BASU: Before I became a lawyer, I thought I would not opt for any salary but would pursue a profession. That was because my father was a professional lawyer. Therefore, I thought I would not work for a salary when I opted for this profession. From the beginning, I thought that a lawyer should be considered, and usually the lawyers in society are considered, social scientists. I think that I have been a social scientist, and I should be burdened by my obligation to society. How should this be done though?

At the initial stage, I started an organisation to provide legal aid and assistance for those who are part of the vulnerable sections of society. Such an organisation was formed, and I was the founding executive chairman. The main thrust of this organisation was to give free legal aid to people who could not afford the costs of litigation. Sometimes litigation procedures are a luxury in India, a pattern not only in India but also in other countries. This is the main reason that I think that the people who cannot afford it themselves should be given legal aid and assistance.

Therefore, we started this programme in Calcutta in the beginning and then throughout West Bengal. Later we spread our legal knowledge and activities to other states in India. Then we established a national committee—the National Committee for Legal Aid in India—of which I am the chairman. A number of retired judges, people from voluntary organisations and other social activists are attached to our organisation. Now in different states we have set up volunteer organisations.
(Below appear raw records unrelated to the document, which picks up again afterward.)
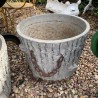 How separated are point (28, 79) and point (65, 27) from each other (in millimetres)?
832

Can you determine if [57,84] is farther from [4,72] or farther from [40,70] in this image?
[4,72]

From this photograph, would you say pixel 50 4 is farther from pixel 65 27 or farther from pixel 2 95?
pixel 2 95

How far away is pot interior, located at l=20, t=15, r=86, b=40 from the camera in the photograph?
10.6ft

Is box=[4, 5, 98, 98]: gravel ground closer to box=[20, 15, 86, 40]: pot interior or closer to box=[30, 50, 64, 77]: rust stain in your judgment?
box=[30, 50, 64, 77]: rust stain

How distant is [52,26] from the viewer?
3367 millimetres

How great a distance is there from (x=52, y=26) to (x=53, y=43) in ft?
2.33

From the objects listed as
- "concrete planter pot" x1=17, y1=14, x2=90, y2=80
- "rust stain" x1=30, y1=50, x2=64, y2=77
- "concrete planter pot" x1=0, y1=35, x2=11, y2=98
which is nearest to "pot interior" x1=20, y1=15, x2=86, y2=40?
"concrete planter pot" x1=17, y1=14, x2=90, y2=80

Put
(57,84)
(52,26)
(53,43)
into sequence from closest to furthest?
1. (53,43)
2. (57,84)
3. (52,26)

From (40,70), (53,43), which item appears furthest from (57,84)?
(53,43)

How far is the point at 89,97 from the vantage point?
9.97ft

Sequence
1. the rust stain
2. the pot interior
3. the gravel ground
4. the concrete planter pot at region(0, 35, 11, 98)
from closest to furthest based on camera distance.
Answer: the concrete planter pot at region(0, 35, 11, 98), the rust stain, the gravel ground, the pot interior

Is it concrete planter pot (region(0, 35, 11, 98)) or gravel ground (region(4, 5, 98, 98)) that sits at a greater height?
concrete planter pot (region(0, 35, 11, 98))

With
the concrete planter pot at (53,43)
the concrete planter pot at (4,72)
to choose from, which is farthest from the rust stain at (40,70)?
the concrete planter pot at (4,72)

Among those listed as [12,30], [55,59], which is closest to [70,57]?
[55,59] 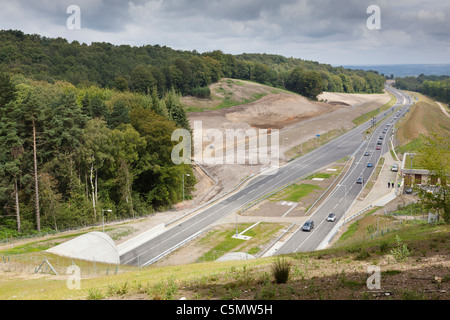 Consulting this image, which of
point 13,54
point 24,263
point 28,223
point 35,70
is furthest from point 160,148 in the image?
point 13,54

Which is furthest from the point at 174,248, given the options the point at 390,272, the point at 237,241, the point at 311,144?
the point at 311,144

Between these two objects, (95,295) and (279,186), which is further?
(279,186)

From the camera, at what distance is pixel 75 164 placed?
206ft

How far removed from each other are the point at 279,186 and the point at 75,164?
148 feet

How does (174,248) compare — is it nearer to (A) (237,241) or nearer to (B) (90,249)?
(A) (237,241)

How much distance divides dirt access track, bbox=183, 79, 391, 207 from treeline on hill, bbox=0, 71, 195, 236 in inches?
852

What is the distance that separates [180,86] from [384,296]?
16609cm

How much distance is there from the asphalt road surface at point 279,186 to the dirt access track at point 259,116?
26.7 feet

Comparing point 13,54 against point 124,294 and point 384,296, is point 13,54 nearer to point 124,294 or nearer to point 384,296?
point 124,294

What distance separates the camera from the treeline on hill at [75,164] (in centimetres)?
5422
Through these groups, we are rendering legal aid and services to the people, a system that has become very helpful to them. In any state, through this network which we have started, anyone will be able to get the necessary assistance that they require.
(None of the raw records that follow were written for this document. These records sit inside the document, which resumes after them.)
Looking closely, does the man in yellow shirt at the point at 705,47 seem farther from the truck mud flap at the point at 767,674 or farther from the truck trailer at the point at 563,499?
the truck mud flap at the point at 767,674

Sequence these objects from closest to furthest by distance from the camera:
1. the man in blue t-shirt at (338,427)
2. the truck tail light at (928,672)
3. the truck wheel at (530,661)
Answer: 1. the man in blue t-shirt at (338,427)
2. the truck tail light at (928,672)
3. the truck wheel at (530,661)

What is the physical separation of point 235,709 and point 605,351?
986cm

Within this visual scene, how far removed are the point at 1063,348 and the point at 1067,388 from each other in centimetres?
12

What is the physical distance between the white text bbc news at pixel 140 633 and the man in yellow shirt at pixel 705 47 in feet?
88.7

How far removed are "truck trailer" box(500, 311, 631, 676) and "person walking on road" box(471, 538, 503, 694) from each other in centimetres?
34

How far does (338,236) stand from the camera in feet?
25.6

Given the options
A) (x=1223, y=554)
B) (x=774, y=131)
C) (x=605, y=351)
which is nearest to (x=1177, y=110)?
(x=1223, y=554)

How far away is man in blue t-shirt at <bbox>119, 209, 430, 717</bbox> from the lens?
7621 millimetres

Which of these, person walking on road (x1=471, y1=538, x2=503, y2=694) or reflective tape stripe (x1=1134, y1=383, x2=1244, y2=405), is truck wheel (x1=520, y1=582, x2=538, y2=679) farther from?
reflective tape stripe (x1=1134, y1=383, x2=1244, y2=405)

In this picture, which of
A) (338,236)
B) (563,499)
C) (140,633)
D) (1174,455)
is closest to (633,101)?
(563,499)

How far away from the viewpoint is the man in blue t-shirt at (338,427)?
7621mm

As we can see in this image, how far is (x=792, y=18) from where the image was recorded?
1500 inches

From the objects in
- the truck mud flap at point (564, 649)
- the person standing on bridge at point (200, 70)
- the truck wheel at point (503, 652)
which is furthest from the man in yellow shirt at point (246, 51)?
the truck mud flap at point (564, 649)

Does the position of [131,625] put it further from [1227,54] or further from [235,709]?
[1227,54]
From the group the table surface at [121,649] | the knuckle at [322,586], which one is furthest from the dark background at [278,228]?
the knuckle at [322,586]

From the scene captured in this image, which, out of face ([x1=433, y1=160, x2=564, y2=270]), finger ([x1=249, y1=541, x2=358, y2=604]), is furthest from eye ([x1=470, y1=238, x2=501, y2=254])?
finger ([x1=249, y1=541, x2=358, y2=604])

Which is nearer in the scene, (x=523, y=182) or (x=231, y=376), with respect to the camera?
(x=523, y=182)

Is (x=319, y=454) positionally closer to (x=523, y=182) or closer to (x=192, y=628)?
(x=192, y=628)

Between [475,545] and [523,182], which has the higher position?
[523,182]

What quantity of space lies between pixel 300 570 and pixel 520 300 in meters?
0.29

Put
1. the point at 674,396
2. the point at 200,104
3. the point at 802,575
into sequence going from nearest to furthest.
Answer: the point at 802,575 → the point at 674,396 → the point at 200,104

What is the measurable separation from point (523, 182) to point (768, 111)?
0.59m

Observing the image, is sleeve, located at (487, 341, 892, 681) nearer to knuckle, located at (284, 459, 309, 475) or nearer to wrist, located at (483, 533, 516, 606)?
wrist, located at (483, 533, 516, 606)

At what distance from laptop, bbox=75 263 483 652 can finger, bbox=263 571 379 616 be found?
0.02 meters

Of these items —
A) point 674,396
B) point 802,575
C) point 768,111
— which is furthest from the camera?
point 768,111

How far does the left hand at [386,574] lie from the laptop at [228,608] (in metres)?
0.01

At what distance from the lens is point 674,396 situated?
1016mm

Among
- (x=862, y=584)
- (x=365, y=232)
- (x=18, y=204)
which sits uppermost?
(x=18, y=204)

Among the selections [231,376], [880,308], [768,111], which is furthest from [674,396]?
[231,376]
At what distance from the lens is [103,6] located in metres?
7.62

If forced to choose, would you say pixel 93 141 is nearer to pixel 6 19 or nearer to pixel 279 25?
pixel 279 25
AHRC: Can you provide some illustrations of how this programme and network function?

BASU: Yes, of course. For example, if a person is unable to approach a court just because they are living in an isolated area in their state, they will be able to easily approach the court. Moreover, if a person is living in a remote region and has to go all the way to the Supreme Court in New Delhi, they will need adequate funds to make that journey. These people just cannot afford the cost of litigation in the Supreme Court. I am happy to say though that we are providing this service to the people through our programmes in different states.
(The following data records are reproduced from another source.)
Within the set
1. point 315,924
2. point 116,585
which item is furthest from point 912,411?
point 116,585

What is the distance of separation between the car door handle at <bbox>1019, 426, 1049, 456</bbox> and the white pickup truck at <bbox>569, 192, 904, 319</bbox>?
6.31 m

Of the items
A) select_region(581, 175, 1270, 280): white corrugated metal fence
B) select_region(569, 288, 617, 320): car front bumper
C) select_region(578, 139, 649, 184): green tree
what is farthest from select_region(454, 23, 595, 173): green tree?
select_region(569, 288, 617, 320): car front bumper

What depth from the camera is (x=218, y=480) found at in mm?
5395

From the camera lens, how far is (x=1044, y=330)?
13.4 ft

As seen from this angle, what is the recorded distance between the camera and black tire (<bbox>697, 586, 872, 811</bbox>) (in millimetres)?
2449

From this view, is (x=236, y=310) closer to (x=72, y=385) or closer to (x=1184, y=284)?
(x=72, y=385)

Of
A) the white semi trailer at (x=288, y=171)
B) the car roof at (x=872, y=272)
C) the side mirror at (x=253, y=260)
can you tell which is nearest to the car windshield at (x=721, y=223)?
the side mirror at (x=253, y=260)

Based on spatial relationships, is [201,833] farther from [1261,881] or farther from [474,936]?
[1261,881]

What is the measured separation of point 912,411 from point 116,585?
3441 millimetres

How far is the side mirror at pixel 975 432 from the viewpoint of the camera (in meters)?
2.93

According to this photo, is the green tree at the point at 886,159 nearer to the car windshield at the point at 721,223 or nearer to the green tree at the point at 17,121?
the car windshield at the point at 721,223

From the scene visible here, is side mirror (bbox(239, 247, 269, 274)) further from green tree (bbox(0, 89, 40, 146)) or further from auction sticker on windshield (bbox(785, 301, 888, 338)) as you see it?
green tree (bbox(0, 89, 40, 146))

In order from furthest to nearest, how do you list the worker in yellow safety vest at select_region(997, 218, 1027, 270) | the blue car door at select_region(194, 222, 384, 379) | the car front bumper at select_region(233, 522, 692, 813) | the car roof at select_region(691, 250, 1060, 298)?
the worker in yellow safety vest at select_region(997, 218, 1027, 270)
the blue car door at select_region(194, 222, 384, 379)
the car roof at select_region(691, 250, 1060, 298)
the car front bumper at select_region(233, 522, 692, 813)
AHRC: Your legal aid work in India that you have described is the work of an NGO, of a non-governmental organisation. Does the government also offer legal aid, and, if so, why is your work necessary?

BASU: In India, there is a law, the State Legal Service Authorities Act of 1987, that has been enacted that states that the central body administering the government’s legal aid programme is under the chief justice of the Supreme Court of India. One of the Supreme Court judges is the executive chairman of this central body. However, its work has been decentralised. In all states in India, through this body, legal aid has to filter down to the grass roots.

Implementation of the 1987 State Legal Service Authorities Act, however, depends upon motivation—motivation though that is lacking. The government has granted enough funds for legal aid, but these funds have created a mini government that is indifferent to the legal needs of the people. Seeing this apathy, people consequently do not expect any adequate legal aid to be provided by India’s official legal aid body.

AHRC: This explains the important role that your legal aid organisation plays in India. Thank you once again, Justice Basu, for your time to explain to us the significance of D. K. Basu vs. the State of West Bengal and the state of legal aid in your country.